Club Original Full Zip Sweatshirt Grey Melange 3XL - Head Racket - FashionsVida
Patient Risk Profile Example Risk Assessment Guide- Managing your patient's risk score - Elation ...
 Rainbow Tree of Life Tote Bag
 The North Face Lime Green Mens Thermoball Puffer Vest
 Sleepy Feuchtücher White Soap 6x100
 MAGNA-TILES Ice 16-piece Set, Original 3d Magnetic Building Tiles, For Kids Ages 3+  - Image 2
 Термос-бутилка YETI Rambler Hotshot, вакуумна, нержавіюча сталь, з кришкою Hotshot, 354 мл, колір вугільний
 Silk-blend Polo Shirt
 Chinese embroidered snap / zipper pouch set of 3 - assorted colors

※ ※ ※

Beginning at the opening line of the data, transcribe each line exactly until you reach the line with "Sleepy Feuchtücher White Soap 6x100", which you also include, and go no further.

Club Original Full Zip Sweatshirt Grey Melange 3XL - Head Racket - FashionsVida
Patient Risk Profile Example Risk Assessment Guide- Managing your patient's risk score - Elation ...
 Rainbow Tree of Life Tote Bag
 The North Face Lime Green Mens Thermoball Puffer Vest
 Sleepy Feuchtücher White Soap 6x100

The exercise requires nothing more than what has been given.